The first thing I looked at was identifying links to other pages within the articles of my site. There are loads of regular expressions claiming some degree of effectiveness at identifying URLs, I chose a regex based on this one.
public static final String URL_REGEX = "((\":)|href=\")((http(s?)\\:\\/\\/|~/|/)?((\\w+:\\w+@)?(([-\\w]+\\.)+(com|org|net|gov|mil|biz|info|mobi|name|aero|jobs|museum|travel|[a-z]{2}))|localhost)(:[\\d]{1,5})?(((/([-\\w~!$+|.,=]|%[a-f\\d]{2})+)+|/)+|\\?|#)?((\\?([-\\w~!$+|.,*:]|%[a-f\\d{2}])+=([-\\w~!$+|.,*:=]|%[a-f\\d]{2})*)(&([-\\w~!$+|.,*:]|%[a-f\\d{2}])+=([-\\w~!$+|.,*:=]|%[a-f\\d]{2})*)*)*(#([-\\w~!$+|.,*:=]|%[a-f\\d]{2})*)?)"
Regular expressions are incomprehensible when they get that big! And, this is probably overkill and too specific (e.g. it will ignore any new top–level–domains that are invented).
Anyway, my regex matches any URLs that are either the value for a href attribute in HTML (e.g. href="some_url"...) or part of Textile markup ("Some label":some_url). I check for both because Textile allows for HTML to be embedded so just parsing links in Textile won‘t do. Also this allows me to use the same regex to check remote pages for links to my own site for Pingback server compliance as I use to check my own Textile articles for outgoing links.

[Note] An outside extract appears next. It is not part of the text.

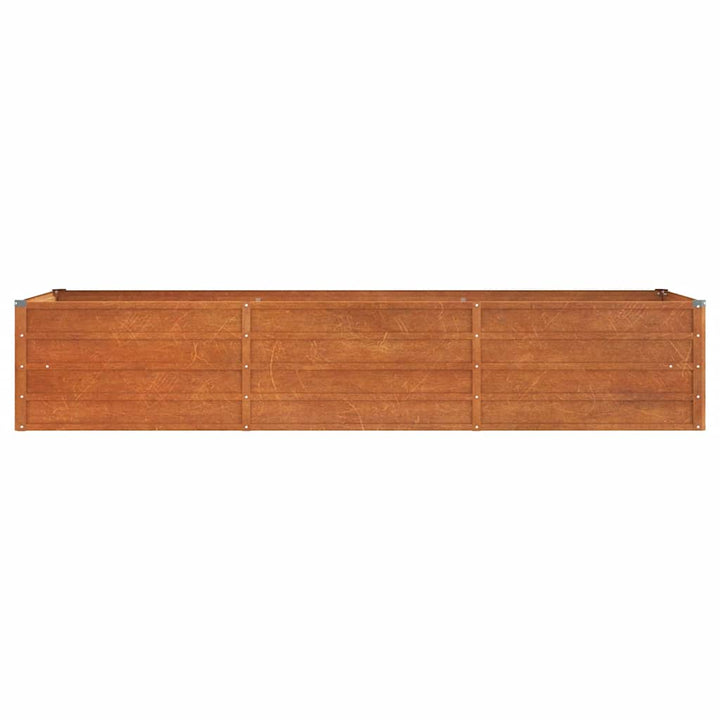 højbed 240x80x45 cm cortenstål rustfarvet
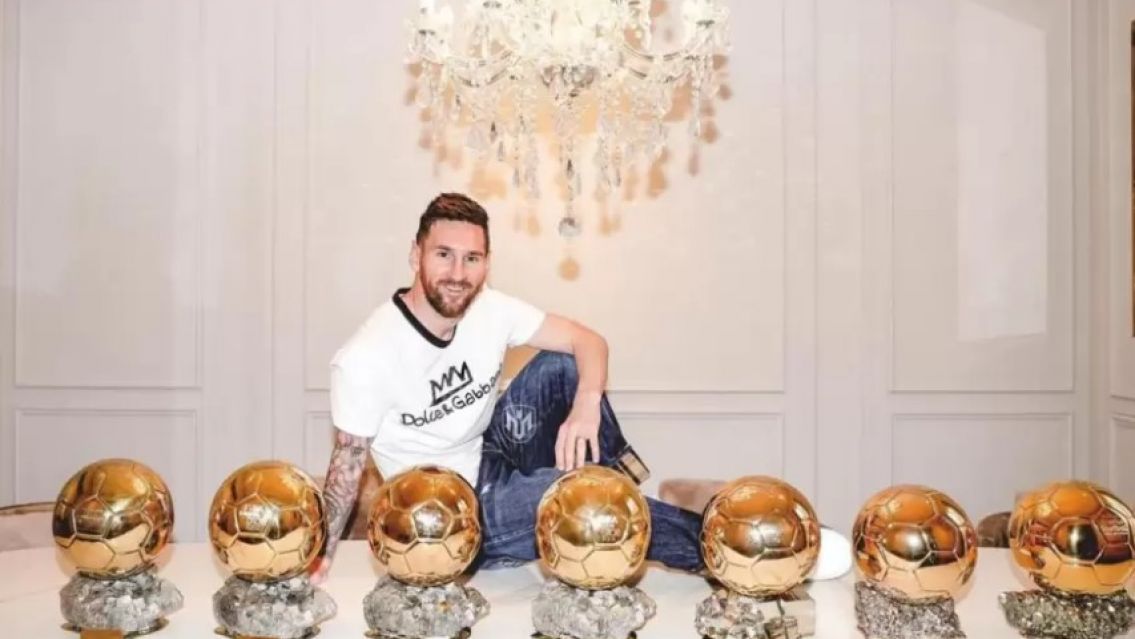 D�a y hora de la entrega del Bal�n de Oro 2023 que tiene a Lionel Messi como m�ximo favorito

The codebase for the API has turned out to be quite tiny. I wouldn‘t say that it is innovative but it certainly re-usable and should simplify the task for anyone who is trying to do the same as I have done. The source is available here. It's in the form of a maven project, so if you want to build it, just type mvn install .
Pingback Client
It is for implementing Pingback clients that this API provides most value. This is the case because I found it very difficult to decouple the Pingback server functionality from the specific implementation of my website. That‘s the subject for another post, however.
Here‘s how the code in my website uses the API.
package com.malethan.blog.app;
import com.malethan.blog.RequestUtil;
import com.malethan.blog.models.BlogPost;
import com.malethan.pingback.Link;
import com.malethan.pingback.PingbackClient;
import com.malethan.pingback.LinkLoader;
import com.malethan.pingback.PingbackException;
import com.malethan.seemorej.AfterFilter;
import static com.malethan.seemorej.SeemoreJ.*;
import static com.malethan.seemorej.Flash.*;
import com.malethan.seemorej.hibernate.crud.CrudControllerHibernate;
import org.apache.commons.logging.Log;
import org.apache.commons.logging.LogFactory;
import org.springframework.core.io.ClassPathResource;
import org.springframework.beans.factory.xml.XmlBeanFactory;
import java.util.List;
import java.util.ArrayList;
public class BlogPostController extends CrudControllerHibernate<BlogPost, Long> {
private static final Log log = LogFactory.getLog(BlogPostController.class);
XmlBeanFactory beanFactory;
PingbackClient pingbackClient;
LinkLoader linkLoader;
List<String> failedPings;
public BlogPostController() {
super(BlogPost.class, Long.class);
beanFactory = new XmlBeanFactory(new ClassPathResource("/applicationContext.xml", getClass()));
}
@AfterFilter(include = {"create", "update"})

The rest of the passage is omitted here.